* [ASSIGNMENT] Word for word, reproduce each line of the data below, omitting every image.

* [INFORMATION PROVIDED]
========

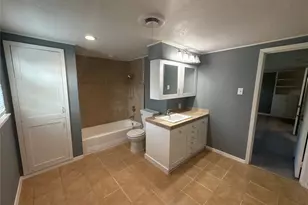 2401 N Alexander St, Sherman, TX 75092 - Photo 15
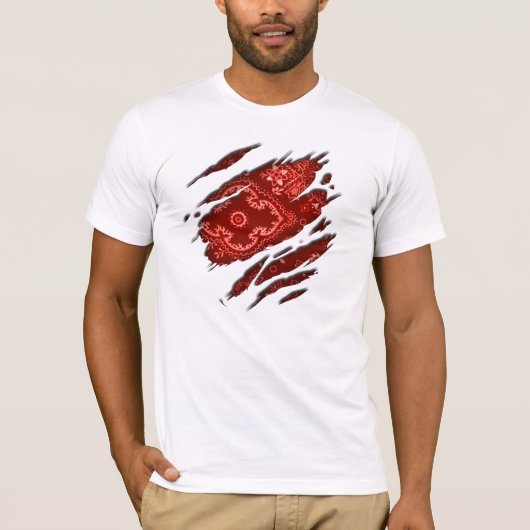 Tattered Red Bandana T-shirt (Voorkant)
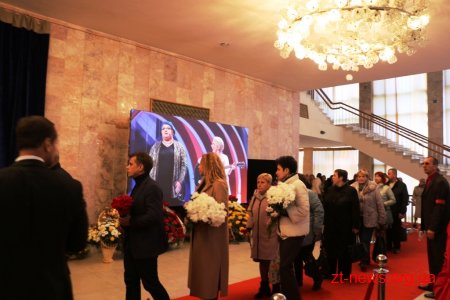 У Житомирі десятки тисяч людей прийшли попрощатися із житомирянкою Мариною Поплавською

========

* [ANSWER BELOW]
 2401 N Alexander St, Sherman, TX 75092 - Photo 15
 Tattered Red Bandana T-shirt (Voorkant)
 У Житомирі десятки тисяч людей прийшли попрощатися із житомирянкою Мариною Поплавською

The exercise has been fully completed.